Dimensionality reduction finds application in
1. Feature engineering
2. Noise reduction or filtering techniques
3. Generating artificial data for machine learning tasks.
4. Financial modeling or risk analysis by combining a huge number of market metrics to fewer components that allow for efficient modeling

Let's discuss the curse of dimensionality in detail.

### **1.1 Curse of Dimensionality**

Machine learning models will often underfit on data with few features and overfit on data with too many features. This is what we refer to as the curse of dimensionality. It blocks many machine learning algorithms from achieving reasonable results as they make optimization of algorithms infeasible.

As dimension of data increases, difficulty in recognizing patterns also increases.

### **1.2 Dimensionality Reduction**

Reducing dimensions of a dataset removes redundant features from the dataset but retains optimal variables that can be applied to predict target variables more accurately.

Dimensionality reduction also reduces the complexity of the model. A critical step in dimensionality reduction is the covariance or correlation matrix, and it helps check the correlation between our variables.

### **1.3 Correlation**

Variables that are highly correlated with one another result in the variables' coefficients being unstable and, when used in regression, perform poorly.
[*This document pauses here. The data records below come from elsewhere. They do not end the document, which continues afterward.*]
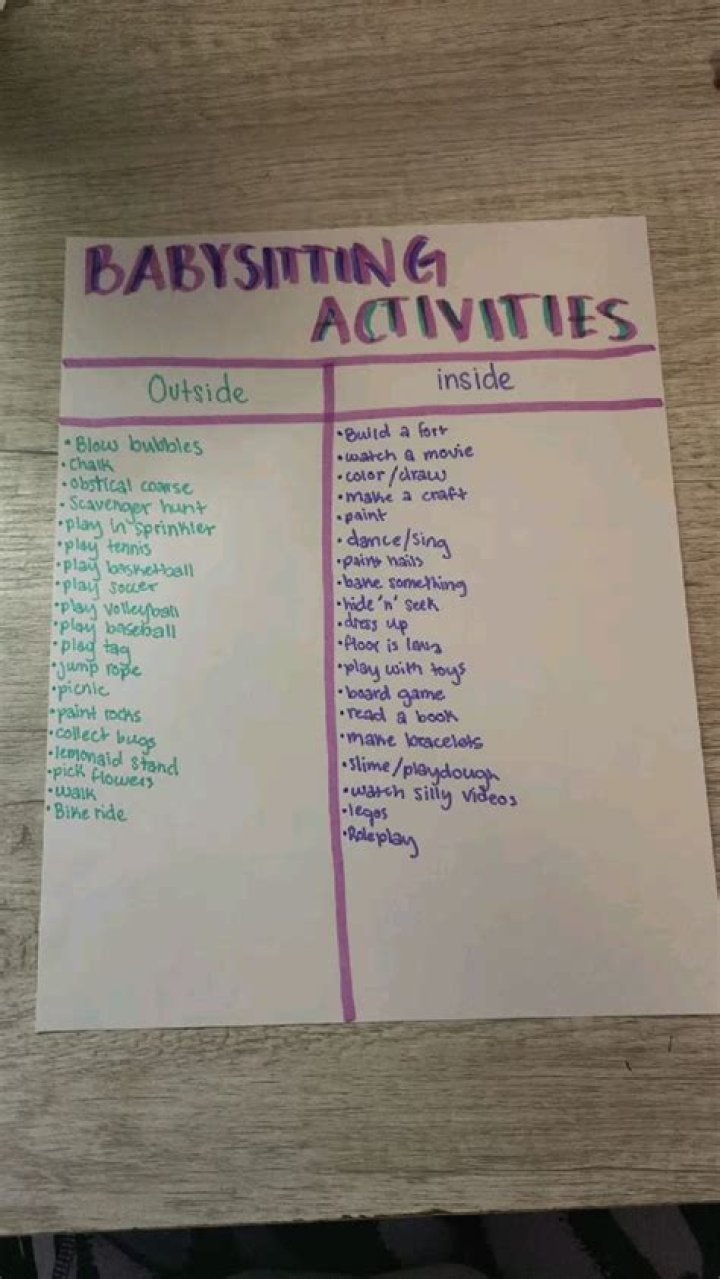 How do you write a post for babysitting?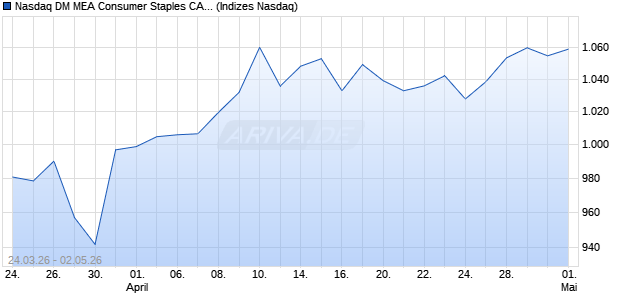 Nasdaq DM MEA Consumer Staples CAD NTR Index . Chart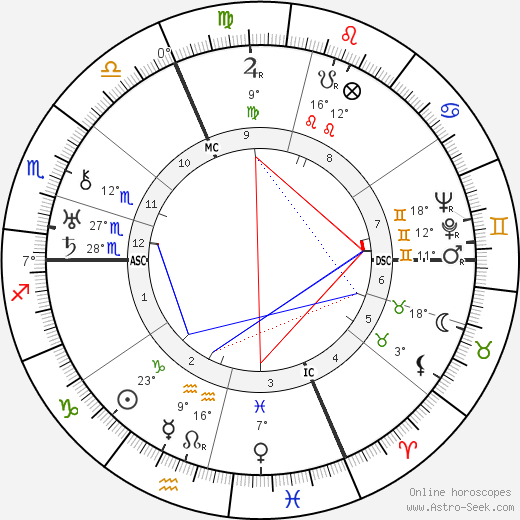 Jean Sarment birth chart, biography, wikipedia 2024, 2025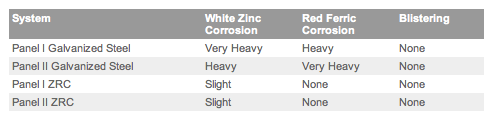 Salt Fog Chart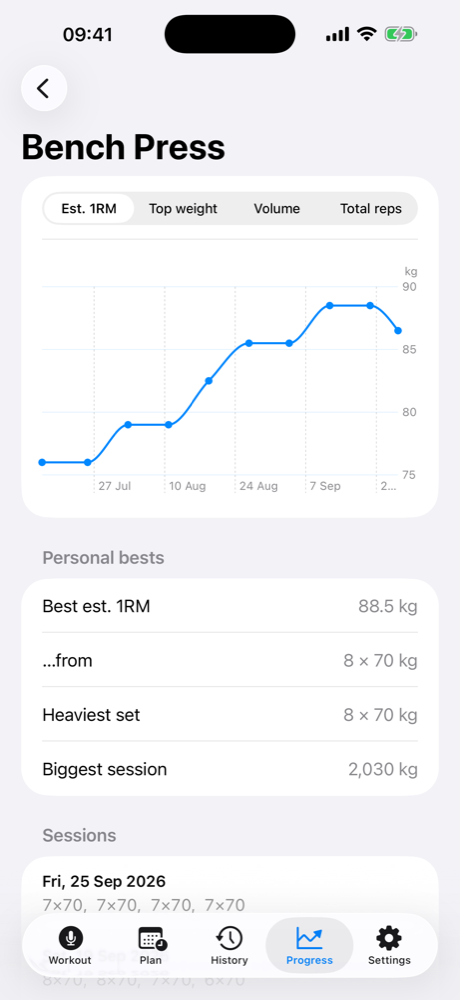 Bench press progress chart showing estimated one-rep max rising over ten weeks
In machine learning, we use multicollinearity to find existence of correlation between independent variables.

The presence of multicollinearity is checked using Variance Inflation Factor (VIF) given by
$$\text{VIF} = \frac{1}{1 - R^2}$$

where $R^2 = 1 - \frac{SS_{RES}}{SS_{TOT}} = 1 - \frac{\sum_i (y_i - \hat{y})^2}{\sum_i (y_i - \bar{y})^2}$.

The VIF will always be greater than or equal to 1 and is interpreted as follows:
1. A VIF equal to one implies that the variable is independent of the other variables.
2. A VIF between 1 and 5 means the variables are moderately correlated.
3. A VIF greater than 5 implies that the variables are highly correlated.

Therefore, for a desirable predictive model, we will want the VIF to be as close to one as possible. 

Correlation values range from -1 to +1 and the values are interpreted below:
1. Values close to +1 show a positive correlation.
2. Values close to -1 show a negative correlation.
3. Values close to 0 mean there exists no correlation between the two variables.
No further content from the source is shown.